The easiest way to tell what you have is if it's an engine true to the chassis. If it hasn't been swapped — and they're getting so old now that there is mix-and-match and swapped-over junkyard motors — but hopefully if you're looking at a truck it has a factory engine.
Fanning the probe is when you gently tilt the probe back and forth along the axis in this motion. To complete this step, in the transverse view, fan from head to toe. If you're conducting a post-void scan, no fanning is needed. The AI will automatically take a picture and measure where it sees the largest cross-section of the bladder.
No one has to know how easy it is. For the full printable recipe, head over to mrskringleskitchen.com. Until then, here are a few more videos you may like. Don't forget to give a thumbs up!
:::::
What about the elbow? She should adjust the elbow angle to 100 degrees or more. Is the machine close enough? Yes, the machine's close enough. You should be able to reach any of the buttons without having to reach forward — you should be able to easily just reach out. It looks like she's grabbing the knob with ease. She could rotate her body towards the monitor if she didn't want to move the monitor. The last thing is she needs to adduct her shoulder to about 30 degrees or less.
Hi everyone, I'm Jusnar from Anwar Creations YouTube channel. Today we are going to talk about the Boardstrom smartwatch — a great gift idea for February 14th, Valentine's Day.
:::::
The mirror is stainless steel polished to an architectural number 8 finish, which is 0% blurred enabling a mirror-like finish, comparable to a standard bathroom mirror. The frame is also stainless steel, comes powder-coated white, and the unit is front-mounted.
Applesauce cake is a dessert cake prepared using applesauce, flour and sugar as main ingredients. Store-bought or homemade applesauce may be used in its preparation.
:::::
| Task statement |
Reproduce exactly the section above that begins at the line containing "The easiest way" and ends at the line containing "No one has to", leaving out all other lines.

| Answer to the exercise |
The easiest way to tell what you have is if it's an engine true to the chassis. If it hasn't been swapped — and they're getting so old now that there is mix-and-match and swapped-over junkyard motors — but hopefully if you're looking at a truck it has a factory engine.
Fanning the probe is when you gently tilt the probe back and forth along the axis in this motion. To complete this step, in the transverse view, fan from head to toe. If you're conducting a post-void scan, no fanning is needed. The AI will automatically take a picture and measure where it sees the largest cross-section of the bladder.
No one has to know how easy it is. For the full printable recipe, head over to mrskringleskitchen.com. Until then, here are a few more videos you may like. Don't forget to give a thumbs up!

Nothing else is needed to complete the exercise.